How SAP Performance May Show Up
Below is a series of charts taken from a sample Production system showing CPU utilization, Users, and Average Dialog Response Times comparing recent days versus a similar period last month when the IT-Conductor monitor SAP.
This series of SAP app servers' CPU Utilization initially caught our eye as they are higher than any period last month. It could be attributed to the new year processing, but we'll assume they are the same as last month for now and will address that point later.
The composite chart above shows both higher average CPU across all app servers > 10%.
The charts below break them down by individual app server on a daily basis and are incrementally higher, not by much but they do fall in line with the 5-30% impact cited by earlier benchmarks.
Average Dialog Response Times
SAP Performance is typically baselined on transactional systems by average dialog response times.
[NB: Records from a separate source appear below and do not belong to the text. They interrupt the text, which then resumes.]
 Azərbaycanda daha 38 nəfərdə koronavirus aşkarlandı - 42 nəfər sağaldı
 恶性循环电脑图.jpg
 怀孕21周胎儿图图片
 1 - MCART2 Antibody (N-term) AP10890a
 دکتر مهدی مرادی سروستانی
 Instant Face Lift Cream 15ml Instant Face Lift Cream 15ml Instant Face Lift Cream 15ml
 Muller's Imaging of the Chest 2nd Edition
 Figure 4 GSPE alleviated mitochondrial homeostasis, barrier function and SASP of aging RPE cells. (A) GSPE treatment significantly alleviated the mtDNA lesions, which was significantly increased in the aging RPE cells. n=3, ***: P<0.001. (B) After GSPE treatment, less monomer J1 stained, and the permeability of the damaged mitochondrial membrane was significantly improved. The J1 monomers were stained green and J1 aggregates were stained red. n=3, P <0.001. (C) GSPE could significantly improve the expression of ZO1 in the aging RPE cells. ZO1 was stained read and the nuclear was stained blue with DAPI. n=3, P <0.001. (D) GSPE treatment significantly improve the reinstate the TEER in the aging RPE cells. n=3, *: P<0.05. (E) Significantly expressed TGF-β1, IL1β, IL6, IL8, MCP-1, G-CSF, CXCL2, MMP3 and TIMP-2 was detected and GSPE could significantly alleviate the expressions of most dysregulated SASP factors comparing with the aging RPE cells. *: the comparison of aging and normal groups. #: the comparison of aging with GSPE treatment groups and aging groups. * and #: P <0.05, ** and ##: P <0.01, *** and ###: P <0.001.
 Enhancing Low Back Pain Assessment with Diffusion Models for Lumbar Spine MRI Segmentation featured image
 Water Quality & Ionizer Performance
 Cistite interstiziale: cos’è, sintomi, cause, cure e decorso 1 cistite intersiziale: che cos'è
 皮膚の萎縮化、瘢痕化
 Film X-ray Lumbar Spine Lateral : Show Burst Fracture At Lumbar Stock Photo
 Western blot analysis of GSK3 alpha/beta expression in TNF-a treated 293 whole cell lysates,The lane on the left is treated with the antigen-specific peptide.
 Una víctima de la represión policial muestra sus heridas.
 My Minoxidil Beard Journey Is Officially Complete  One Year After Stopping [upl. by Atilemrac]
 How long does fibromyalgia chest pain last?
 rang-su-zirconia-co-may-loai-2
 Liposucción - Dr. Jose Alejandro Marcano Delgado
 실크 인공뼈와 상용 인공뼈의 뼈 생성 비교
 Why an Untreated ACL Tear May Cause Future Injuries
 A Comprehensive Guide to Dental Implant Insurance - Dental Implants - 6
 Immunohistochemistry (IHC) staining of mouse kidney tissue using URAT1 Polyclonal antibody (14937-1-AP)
Based on the same system above, the chart below shows the average at least 10% higher compared to the same period last month. Tabular data was used to examine more closely each day.
What If It's Just More Workload?
The earlier question was "What if the higher CPU and response times are due to a higher workload for the new year?" Well, a few simple measures of workload can be the number of active users and/or the number of SAP dialog steps. We'll just show the user count by day below which shows that with the exception of the last couple of days, the performance impact already started several days earlier when user count was lower than the same period last month. Ideally, we would have the same data for the same period last year but this system was only recently monitored in the last few months.
Cloud-based Systems and Databases
AWS and Azure, two of the most dominant SAP public cloud vendors have issued accelerated patch schedules to address the issues. Based on AWS Processor Speculative Execution Research Disclosure, they "have not observed meaningful performance impact for the overwhelming majority of EC2 workloads". Yet in our monitoring, we can see clearly below the CPU utilization increase on our EC2 and Database instances after we patched.
It's still early and some industry analysts have said this deep chip-level flaw will have long-lasting repercussions. The advice would be to stay on top of patches as required to prevent possible security exploits from these issues. Equally important is to stay vigilant in monitoring and managing the impact of performance on critical enterprise applications by following the SAP Performance Best Practices.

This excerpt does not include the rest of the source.